Created to encourage new construction and substantial rehabilitation of affordable multi-family housing.

HOME Program

Provides funds to cities and community housing development organizations for the construction, aquisition, rehabilitation, or financing of affordadble housing

HOME funds are awarded through a competitive application process to cities, counties and non-profit organizations outside local participating jurisdictions. Memphis is a participating jurisdiction. An applicant must apply for at least $100,000 and may apply for a maximum HOME grant of $500,000. There is a $750,000 limit on the amount of HOME funds that can be awarded to any one county. Eligable activities include homeowner rehabilitation programs, homeownership programs, and rental housing programs.

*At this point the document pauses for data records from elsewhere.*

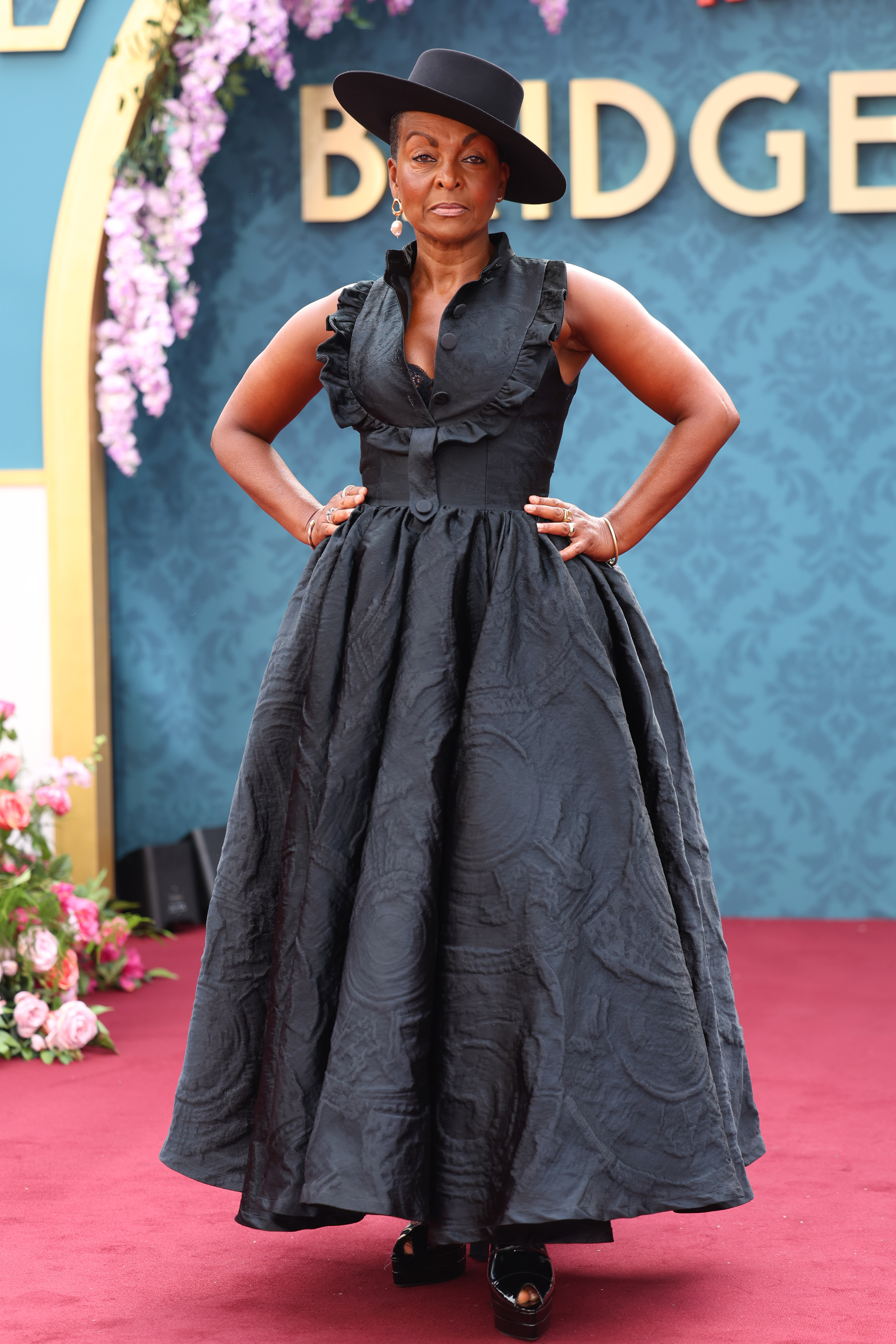 Adjoa Andoh stands on the red carpet wearing a black sleeveless gown and a wide-brimmed hat, accessorized with earrings and bracelets
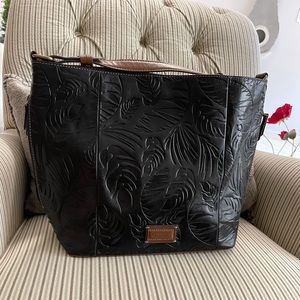 TIGNANELLO designer handbag. NWOT. Tooled black leather. Fully line w/pockets.
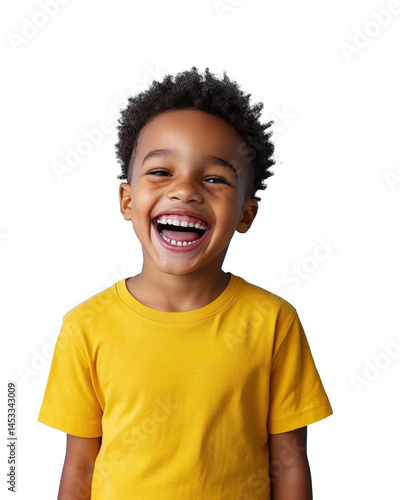 Happy child laughing in a bright yellow shirt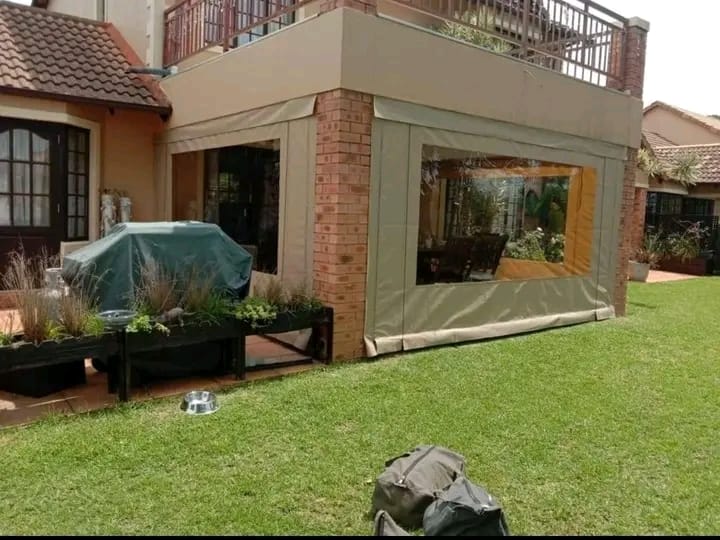 Outdoor blind enclosure beside a garden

Created to promote the production, preservation and rehabilitation of housing for low-income households.

Investment Tax Credit

Provides a tax credit for the rehabilitation of historic buildings

There are two types of ITCs available: 20% for a certified historic structure or 10% for a non-historic structure. The historic property must be income producing. To qualify for the 20% credit, the building must be listed on the National Register of Historic Places, or listed as a contributing structure within a National Register Historic District. The rehabilitation project must meet the "substantial rehabilitation test," which means the owner must spend the adjusted value of the building or $5000, whichever is greater.To qualify for the 10% credit, the structure must have been built before 1936 and must not be listed or eligible for listing on the National Register of Historic Places, the structure must retain 50-70% of external walls and 75% of internal walls, the rehabilitation must meet the "substantial rehabilitation test" as in the 20% credit, and the structure must be used for five years as an income producing property but not as housing.

Created to encourage the rehabilitation of historic buildings.

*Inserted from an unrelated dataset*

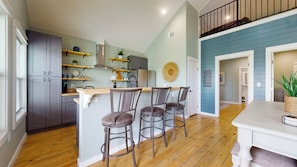 Una cocina moderna con gabinetes grises, encimeras de madera y una zona de bar con taburetes.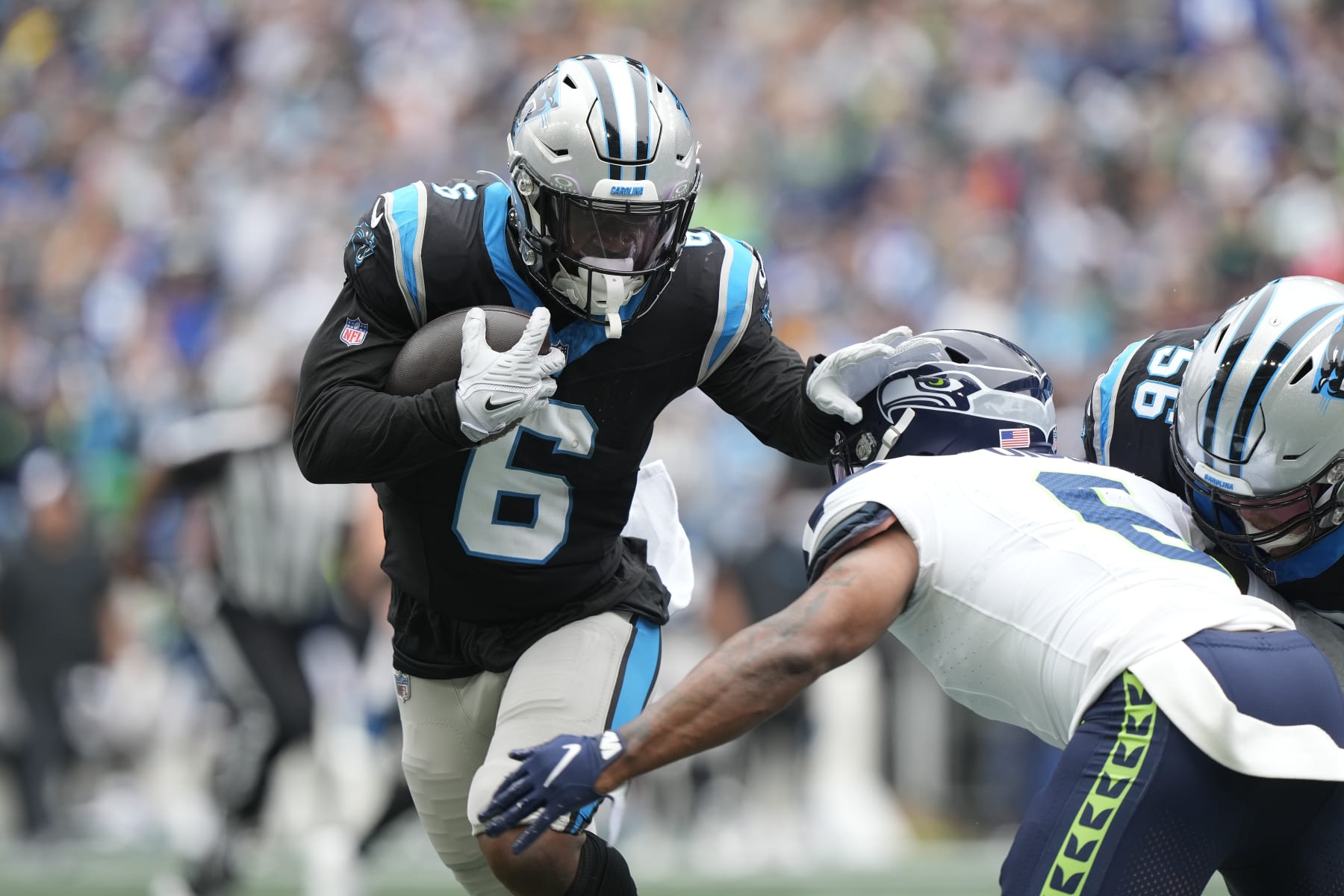 SEATTLE, WASHINGTON - SEPTEMBER 24: Miles Sanders #6 of the Carolina Panthers stiff arms Quandre Diggs #6 of the Seattle Seahawks during the first quarter at Lumen Field on September 24, 2023 in Seattle, Washington. (Photo by Christopher Mast/Getty Images)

Low-Income Housing Tax Credit

Offers a credit against federal income tax liability each year for 10 years for owners of and investors in affordable rental housing

An indirect Federal subsidy used to finance the development of affordable rental housing for low-income households. To be eligible for consideration under the LIHTC Program, a proposed project must: 1) Be a residential rental property, 2) Commit to one of two possible low-income occupancy threshold requirements, 3) Restrict rents, including utility charges, in low-income units, 4) Operate under the rent and income restrictions for 30 years or longer, pursuant to written agreements with the agency issuing the tax credits.

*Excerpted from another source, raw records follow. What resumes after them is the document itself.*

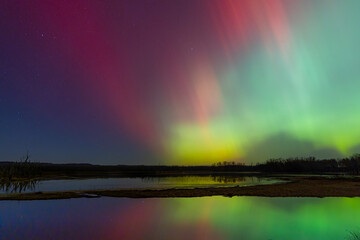 Aurora Borealis with reflections on the Mississippi River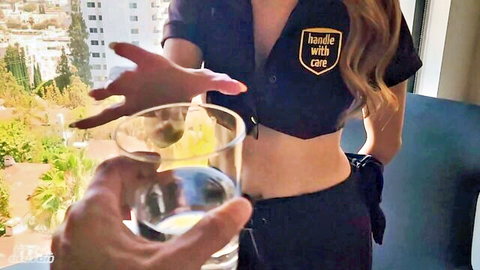 Busty blonde waitress in tight Handle with Care uniform pushes away glass of yellow liquid exposing deep natural tit cleavage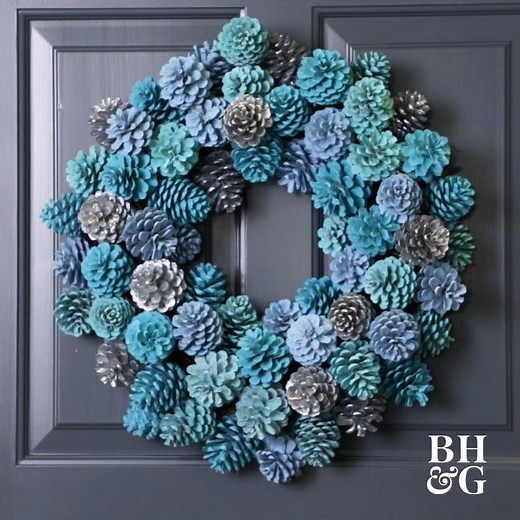 Don't drop big bucks on a fancy wreath. You can make your own for the holidays (or any time of year!) with pinecones, spray paint, and a few other basic craft supplies. Here's how: https://trib.al/vjWDYd3 | Made by Me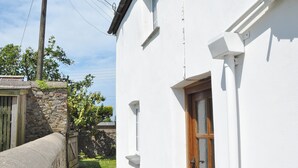 Un bâtiment blanc avec une porte en bois, un mur en pierre et un petit jardin.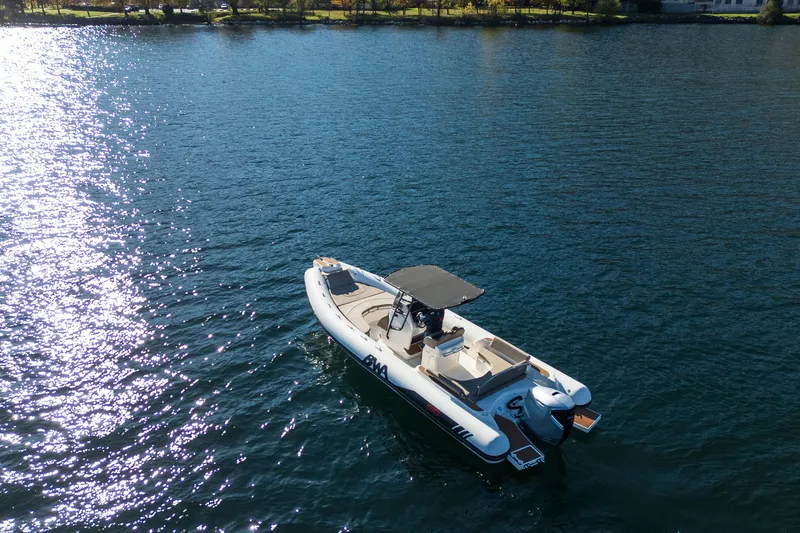 Slide: The Image of 2026 BWA GTO 308 boat cruising on a sunlit lake with scenic shoreline. - 4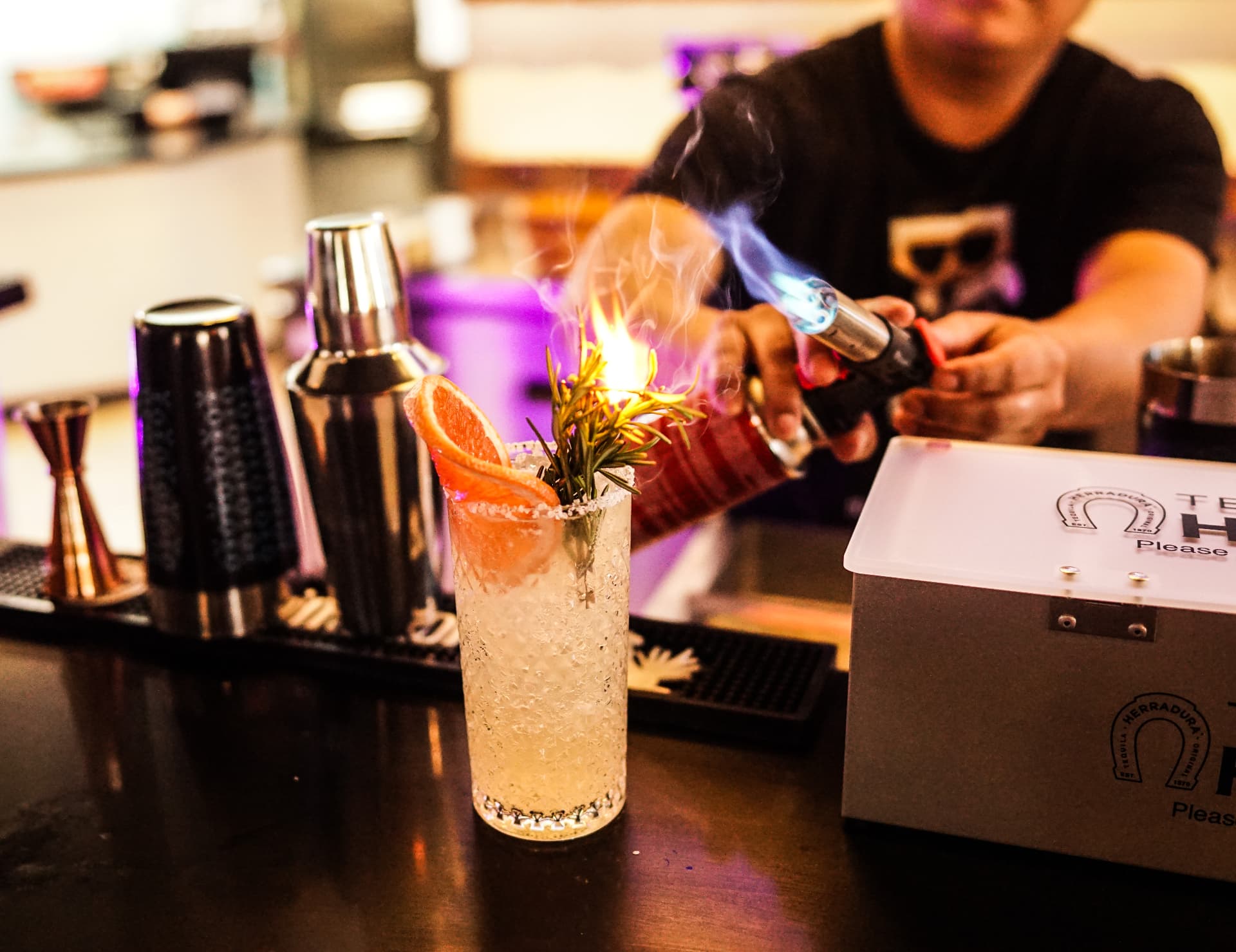 Bartender flames a rosemary sprig over a grapefruit tequila cocktail at the Soko bar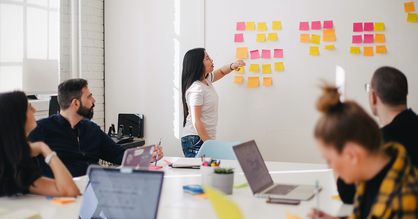 In einem gefüllten Meeting-Raum klebt eine Frau Post-Its an eine Wand. Andere Teilnehmende richten ihre Blicke auf sie.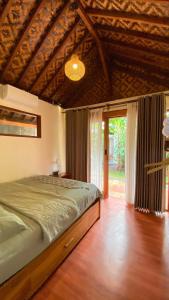 Ένα ή περισσότερα κρεβάτια σε δωμάτιο στο Banana surf and stay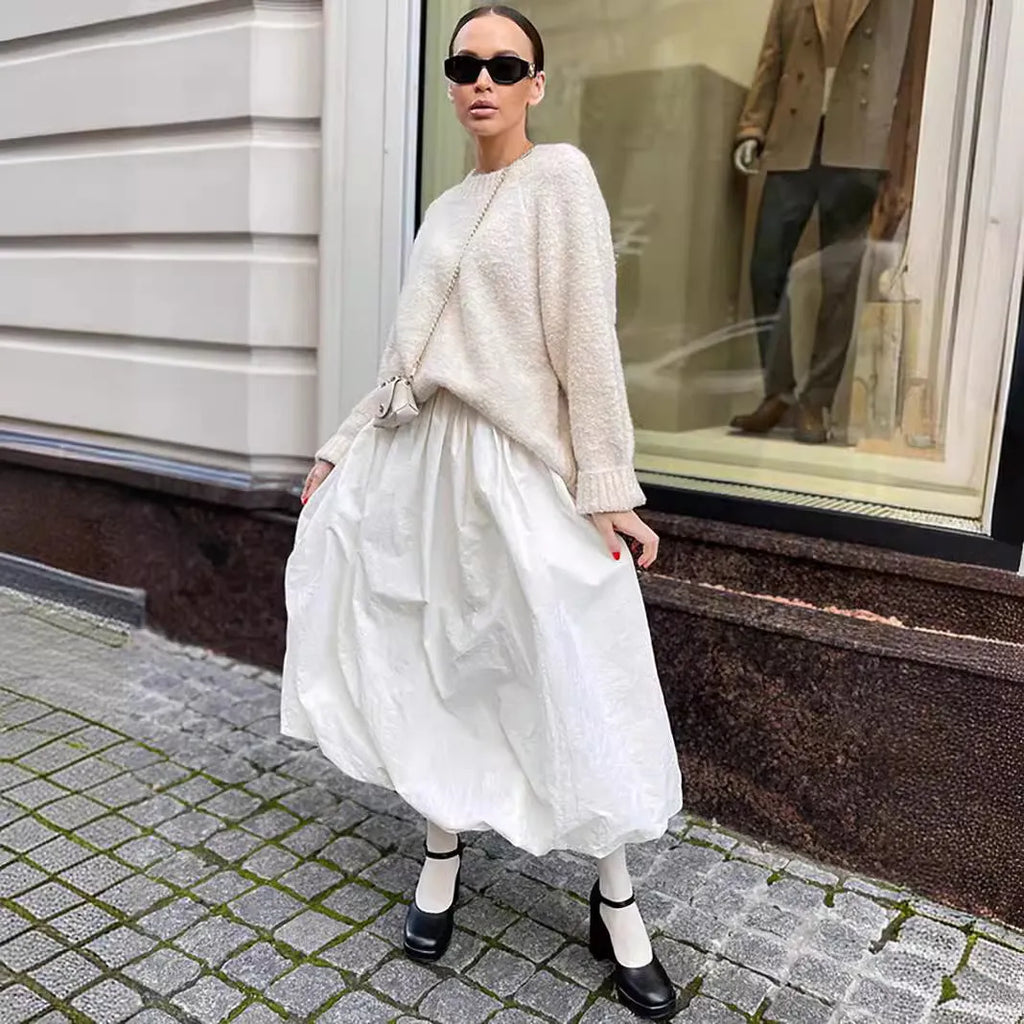 Women's solid colour long cotton skirt on a hanger, available in black and white.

Created by Congress to generate equity capital for the construction and rehabilitation of affordable rental housing.

Multifamily Tax-Exempt Bond Authority Program

THDA is making Multifamily Tax-Exempt Bond Authority available to local issuers for financing for multifamily housing units in Tennessee

The Multifamily Tax-Exempt Bond Authority can be used only to provide financing for new construction of affordable rental housing units, for conversion of existing properties through adaptive reuse, or for acquisition and rehabilitation of rental units. The development must be: 1) New construction, 2) A conversion of an existing property not being used for housing, or 3) Acquisition and rehabilitation.

Created to ensure the development of low-income housing.

Solar Energy Systems Tax Credit

Businesses are eligible for tax credits for qualified solar water heating and photovoltaic systems, and for certain solar lighting systems; The tax credits are for 30% of the cost of the system

The tax credits go to businesses that install solar equipment for their use, and to individuals who install qualifying systems on homes they use as a residence (unlike other consumer incentives, the dwelling does not have to be the taxpayer's primary residence - second homes are eligible, although rental properties are not); Note: The credits are available for systems "placed in service" between January 1, 2006 and December 31, 2016;

Developed to encourage energy efficient consumers, businesses and practices.